My husband and I have been together for going on ten years and we are only in our 20's with two children. We came together in the beginning due to both of our parents abusing drugs, jail, losing their homes therefor we grew up quick, got our first apartment when I was only 16, went to school, worked and had our first child then. At the same time, we ended up raising both of my siblings,who are now both eighteen and moved out. My husband is a great man, always worked to provide our family and my siblings a great life even though he was just a teen at the time also. This is why it is so hard for me to let him know how I really feel. A year ago I cheated on him with a girlfriend of mine emotionally for about nine months, physically only once. He noticed the signs of the ea before I even did and after the pa, I told him after about two weeks. I cut off contact with her and we moved away shortly afterwards but as of lately I talk to her online because she has been a lifelong friend that I don't want to lose. Even through all of this, my husband and I don't really fight, ever, we just kind of move along in life. I try but he shuts down and would rather not deal with any altercations. I have always known I am bisexual but after the affair I realized physically, I don't care to be with a man, the connection was never really there in the first place and I had never actually been attracted to a man before but fell in love with who he was inside. I think he knows this, sex has not been the same since and I turn him down most of the time, which I know I shouldn't do. I am hurting him everyday I am distant, have pitty sex, ect. I am not sure where I want to go from here, I am hurt that I am going to cause him more pain if/when I reveal this to him. I am tired of living a lie and don't want him to have to either. Financially, neither one of us can go anywhere, we had a year long lease, I am stay at home mom, he works and we are in this new town with no family. I guess I just don't know if I should reveal all of this now and deal with the reprocussions for a year or keep quite so the next year is peacefull, i am lost...


----------



## Jellybeans (Mar 8, 2011)

If you aren't even sure you want to be with a man, you need to tell him TODAY that you are a lesbian. Dragging this out isn't the answer. It is going to create more problems by trying to cover up the main problem. 

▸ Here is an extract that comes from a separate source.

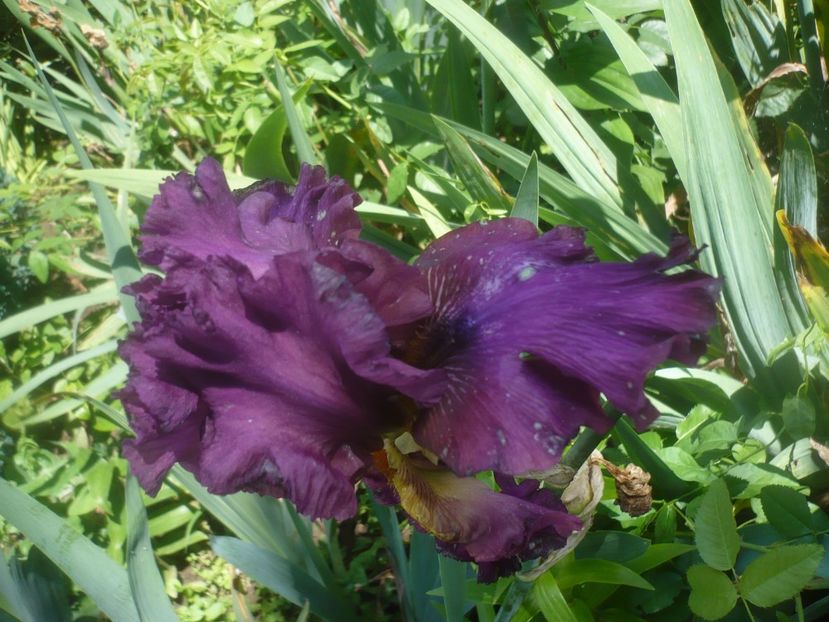 P1480525 - GRADINA 2021-2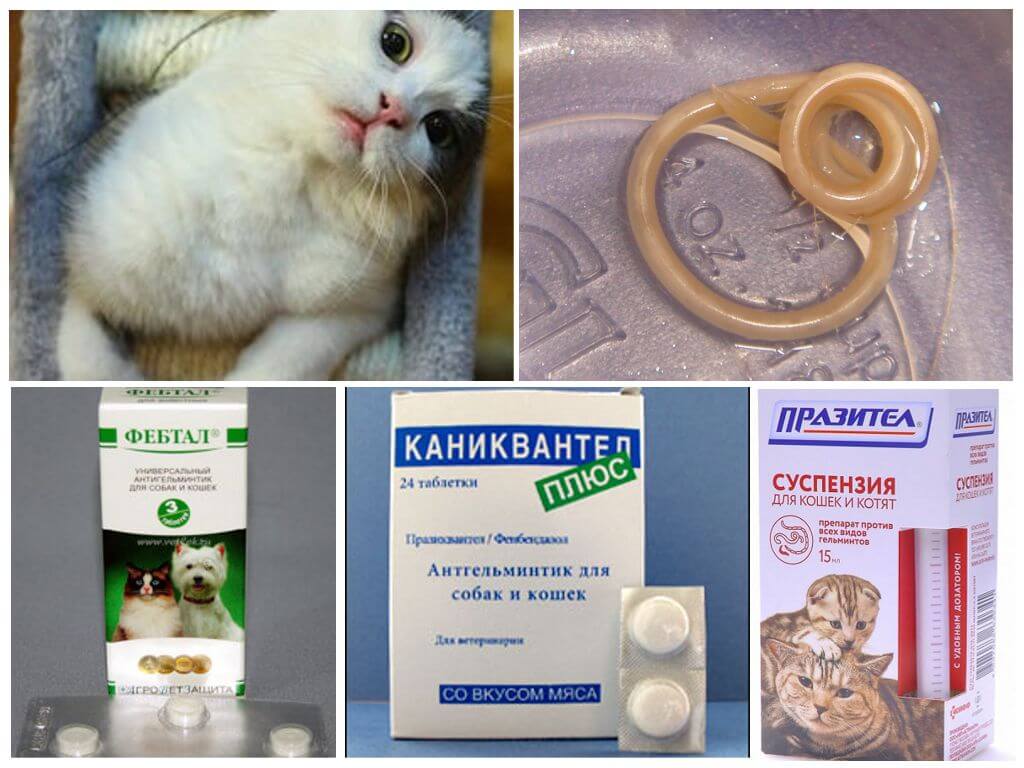 Симптомы глистов у кошек и признаки наличия глистов у кошки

As for the "friend" - you should have cut off all contact when he asked you to.


----------



## doesitmakeuhappynow (Mar 21, 2011)

As for my "friend", coincedentally, a family member of hers, married into my family just a few months ago, therefor she is around for family events and such, makes it more complicated than that.


----------



## Jellybeans (Mar 8, 2011)

Yes, that would make things more complicated.

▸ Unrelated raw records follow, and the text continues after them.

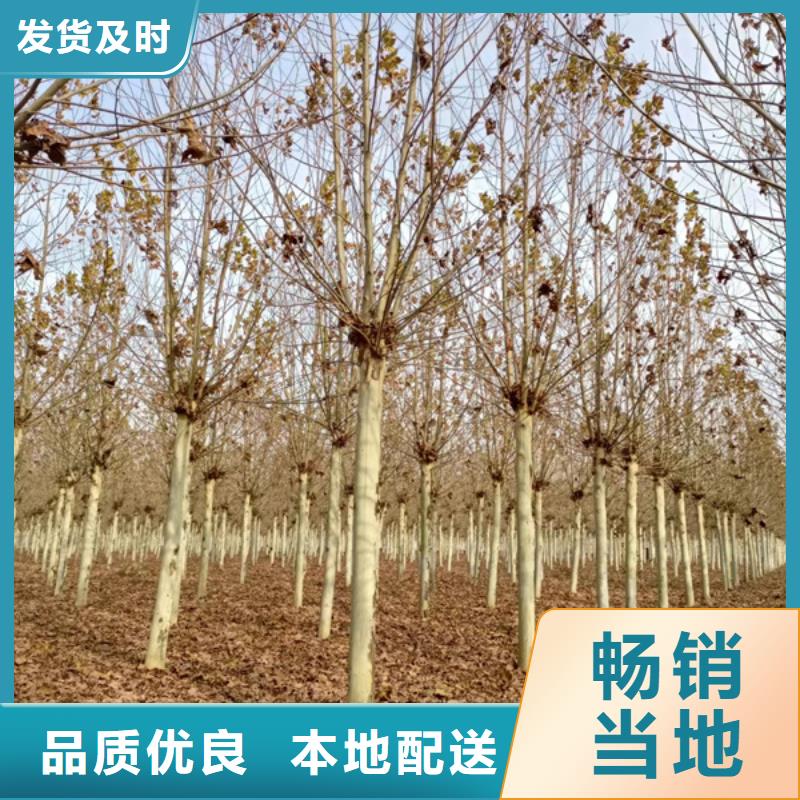 法桐 黄金槐超产品在细节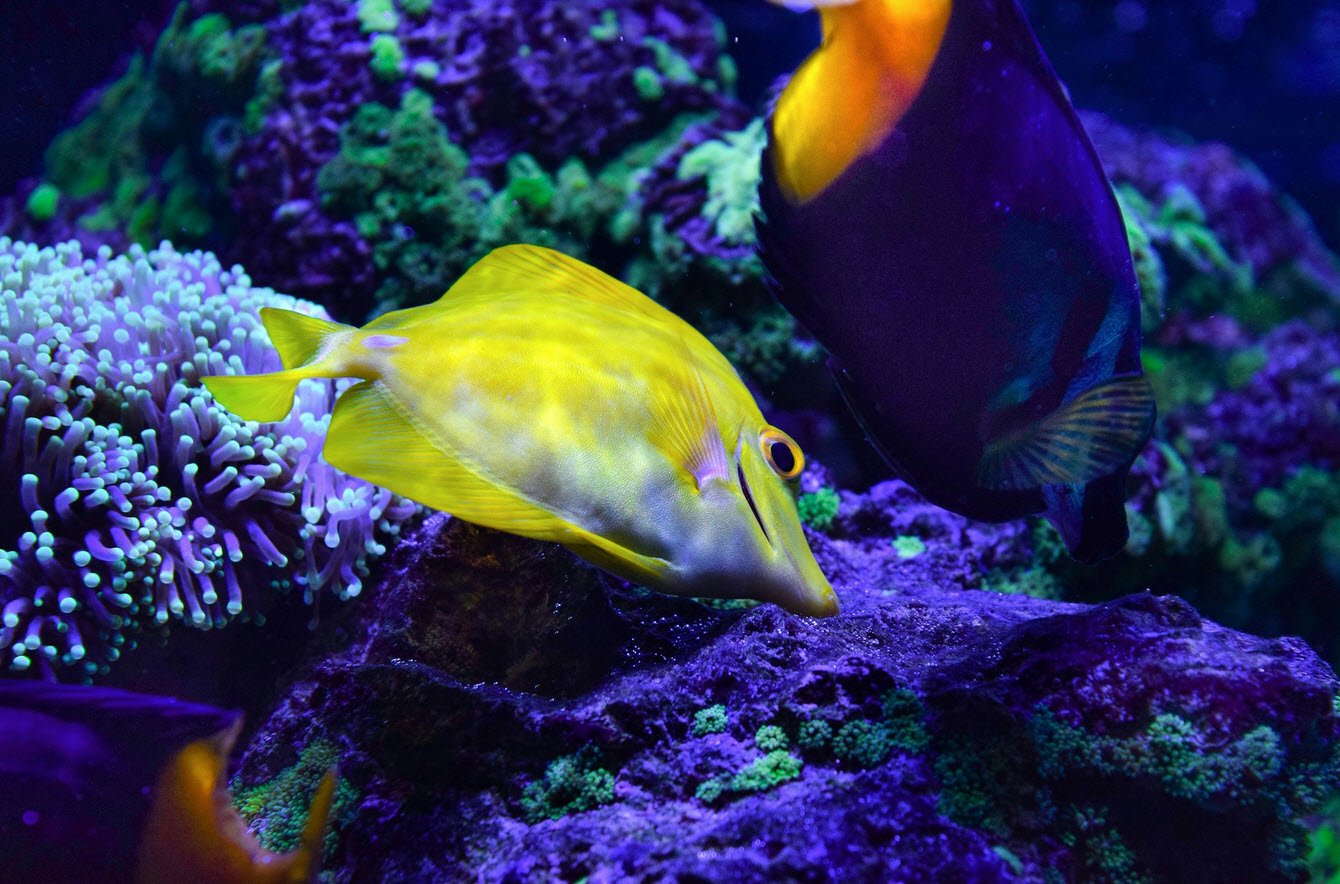 Explore Aquarium - Fabplaces.com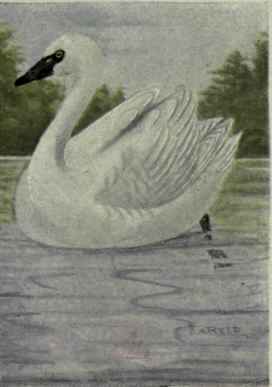 Trumpeter Swan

I think your husband has a right to know what is going on, Does.


----------



## Workingitout (Sep 27, 2010)

Time to sit down and have an honest conversation with him. Way better this way than him finding out. It may be hurtful, but a relief. He can move on and find someone that he can share a life with, completely. You, on the other hand, deserve to follow your heart and be with someone that you can truly love. Goodluck.


----------



## Romeo_Holden (Sep 17, 2011)

if you love him at all just leave him, you are abusing him emotionally and you know it. he deserves better than that, your children deserve better than that.


----------



## Almostrecovered (Jul 14, 2011)

mmmm....6 months old

a thread aged to perfection and ripe to make a response


----------



## TRy (Sep 14, 2011)

doesitmakeuhappynow said:


> At the same time, we ended up raising both of my siblings,who are now both eighteen and moved out. My husband is a great man, always worked to provide our family and my siblings a great life even though he was just a teen at the time also.

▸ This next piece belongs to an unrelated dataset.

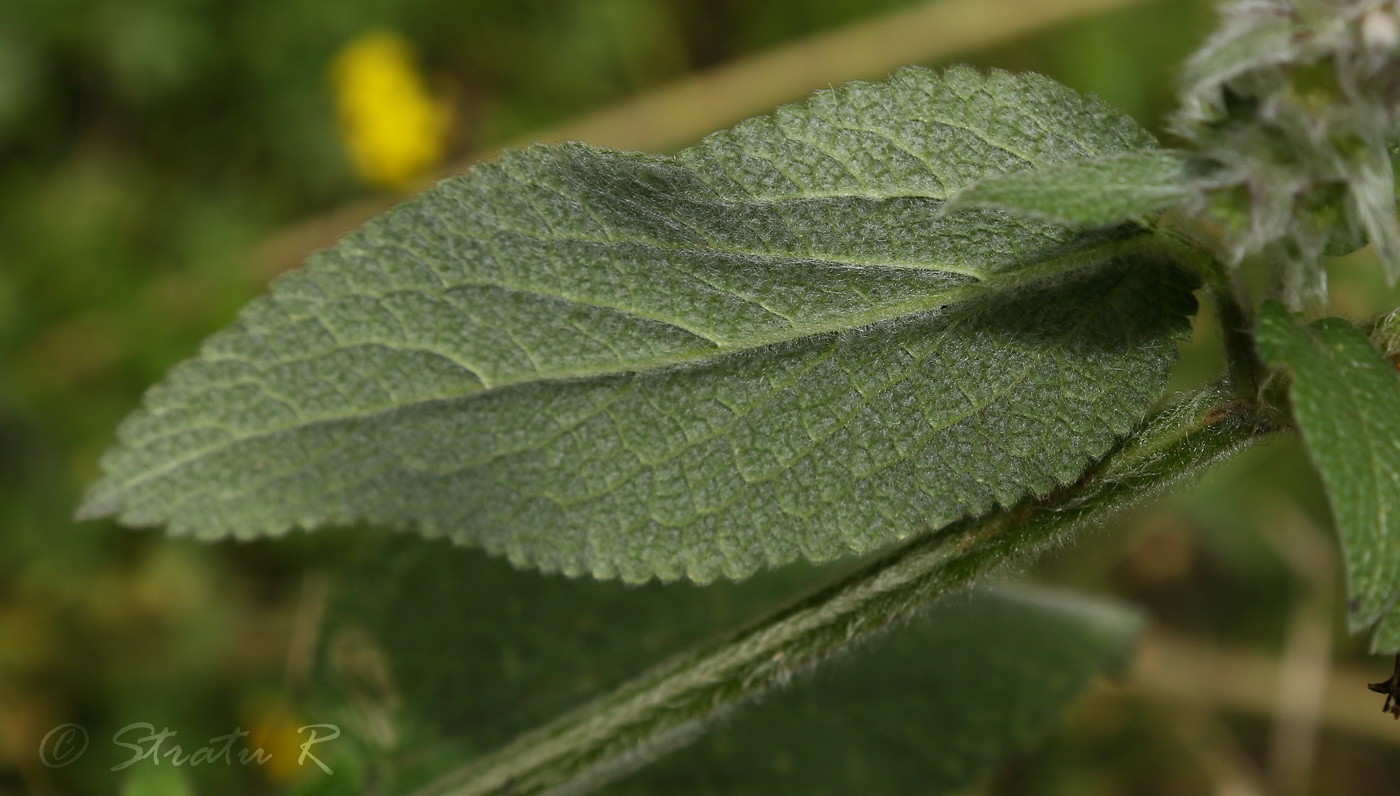 Image of Stachys germanica specimen.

You are a stay at home mom that used your H to pay the bills to raise your siblings. Once your siblings were safely old enough to be on their own you cheated on your H and now want to leave them. You can try to package this as nicely as you want but that is what you did to him. Just because you are a L does not make the fact that you used him any more right.

You used his good nature and love for you to steal years from him that he will never get back. Do not steal any more years from him. Tell him now.


----------



## Romeo_Holden (Sep 17, 2011)

^ ditto


----------



## Almostrecovered (Jul 14, 2011)

helllllloooooo

this poster hasn't been on since March


----------



## Jellybeans (Mar 8, 2011)

This thread is from March.

OH wait, AR called it...


----------